As known, eye hygiene is necessary to reduce the risk of chemical overexposure and microbial contamination during the continuous use of cosmetics. Due to the lipophilicity of the formulations, water (lipophobic) alone will not effectively remove the eye makeup.16 This would explain why worse DED prevalence and severity were recorded among respondents who used water alone or with soap as alternatives to surfactant-containing cleaners. Regardless of the possible association of these cleansing products with tear film instability, makeup removal products (slightly basic PH value ≈ 7.3–7.4) provide a better cleansing effect (eg, waterproof products) with less risk of eye irritation than regular soaps (more basic PH values > 9)).17,42

Strength and Limitations

The current study has investigated the first association data of symptomatic DED with tobacco and cosmetic use among four Middle Eastern countries (Lebanon, Syria, Jordan, and Palestine). The outcome of this study could provide their Ministries of Public Health and the medical research institutions with evidence regarding behavioral-based risk factors of DED to be a guiding platform for further investigations into DED. In addition, public health specialists, ophthalmologists, and optometrists could utilize these data to implement SDG3-based programs to spread awareness of DED and its associated factors among these populations. However, some limitations in the design of this study should be noted. The study findings relied only on an online self-responding questionnaire where some responding bias or social desirability could affect these findings.
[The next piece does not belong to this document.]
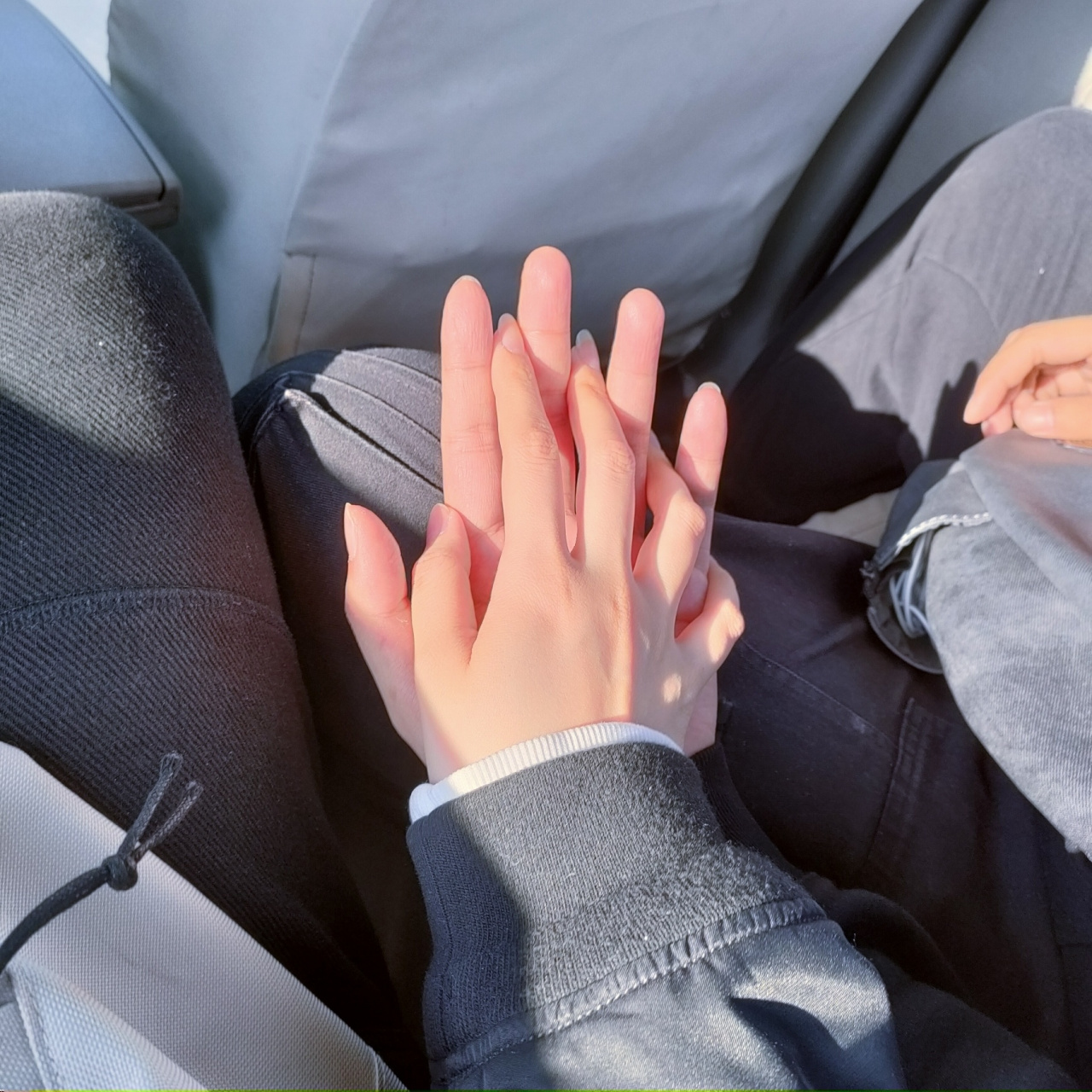 情侣手部合照 天气好的时候,阳光就是最好的滤镜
Also, the findings depended solely on the subjective analysis which could be consistent or not with the clinical signs.43 Thus, additional studies are recommended to assess clinically the occurrence of DED signs among these populations and investigate its association with tobacco and cosmetic use.

Conclusion

Almost three-quarters of the studied population had been diagnosed with symptomatic DED assessed with the validated ARB-OSDI survey. Jordan and Palestine had recorded the highest prevalence of symptomatic DED compared to Lebanon and Syria. This paper has clearly shown that cosmetic usage and tobacco smoking are significantly associated with the prevalence and severity of symptomatic DED (P < 0.05). In tobacco use; cigarettes, Ajami, indoor and daily smokers were more likely to report the symptomatic DED. Regardless of cosmetic types and frequency, users were more likely to report the symptomatic DED when eye hygiene was not effectively considered. The study provides a valuable platform for prospective studies on the evolution of DED in Middle Eastern countries.

Abbreviations

DED, dry eye disease; OSDI, Ocular Surface Disease Index; MENA, the Middle East and North Africa.

Acknowledgments

This work was supported by the Modern University for Business and Science (MUBS).

Disclosure

The authors report no conflicts of interest in this work.